When I talk about this, it’s amazing how many people seem to know more about my body and my psychology than I do. The neo-prohibitionists would argue that the above paragraph proves I’m an alcoholic – that if I need to stop drinking for a month, that proves I need to stop drinking altogether. Some idiots even try to say that dry January is dangerous because it encourages people to drink with abandon for the other eleven months of the year – a point of view that garners headlines every year despite having absolutely nothing to back it up.

On the other side, people tell me that detoxes don’t work, implicitly asking me to ignore the evidence of my senses and the bathroom scales. Others seem threatened, like I’m betraying the cause of drinkers somehow. And then there are those who attack January abstainers for ruining the businesses of microbrewers and closing pubs.

This last point is particularly annoying. I appreciate that a campaign suggesting we all abandon pubs for a month might anger people whose livelihoods might be damaged by it. But beer enjoys a cyclical year. In December, pubs were packed. Some drinkers and publicans complain about the Christmas ‘amateur drinkers’ who turn up to their pubs, packing the place out and ordering in annoying fashion as they throw money over the bar. A few weeks later the same people complain that pubs are empty.

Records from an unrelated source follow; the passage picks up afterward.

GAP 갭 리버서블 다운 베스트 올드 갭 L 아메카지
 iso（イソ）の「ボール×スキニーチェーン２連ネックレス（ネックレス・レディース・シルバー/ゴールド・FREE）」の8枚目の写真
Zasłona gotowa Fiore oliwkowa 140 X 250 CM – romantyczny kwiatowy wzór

Given that pubs know a lot of punters take a breather in January, why not cater for them? Where are the specials on interesting artisanal soft drinks? The promotions on non-alcoholic cocktails? Why not put some detox-friendly dishes on the menu? We get very indignant about the idea that pubs are mere drink shops. We spend all our time saying that they are more than that, that they are important community centres that provide many benefits.  So in January why do we then act as if beer is all they can do?

Just because I’m not drinking for a few weeks doesn’t mean I’ll be going to the pub any less in January. I still want to get out of the house and see friends. But when I do so I’ll most likely be drinking stupidly overpriced lime and soda, having viewed and rejected the range of excessively sugary, crap-filled soft drinks available, and wondering yet again why there isn’t a single dish on the menu that isn’t full of fat, cream or grease.

Dry January, like Christmas and ‘NYE’ before it, is a result of our desire for shared experience. We are social creatures and for the most part we enjoy the knowledge and experience that we are all going through something together. The rise of social media has intensified this sharing. Most of the time that’s good. But it does also create a shared sense of obligation that some of us rebel against. A month ago newspapers were full of articles about What You Must Do To Enjoy The Perfect Christmas, and every one of them had comments below from people complaining that they didn’t want to do Christmas that way, but somehow felt that they were forced to against their will. Why? Now, when Dry January is suggested we either feel we must go along with it as if it’s the law or we get angry and ask ‘Why the hell should I?’

It’s part of the infantilisation of our culture. Being scolded on a regular basis by government, the NHS, and a media that invariably refers to the recommended guidelines on alcohol consumption as limits sits alongside advertising voiceovers that uniformly sound like a parent talking to a toddler, and food packaging and restaurant menus that talk in lower case sans serif fonts about things being yummy and nom.

We buy into this infantilisation. When we nip out for a cheeky scoop, or enjoy food that is tasty but not healthy, we invariably talk about being ‘naughty’, as if we are children breaking the rules. When everyone else breaks the rules with us we feel like we’re getting away with it. When we’re given rules we don’t like and see others conforming, we start behaving like children who have been caught, or stamp our feet and fold our arms and say ‘Don’t want to.’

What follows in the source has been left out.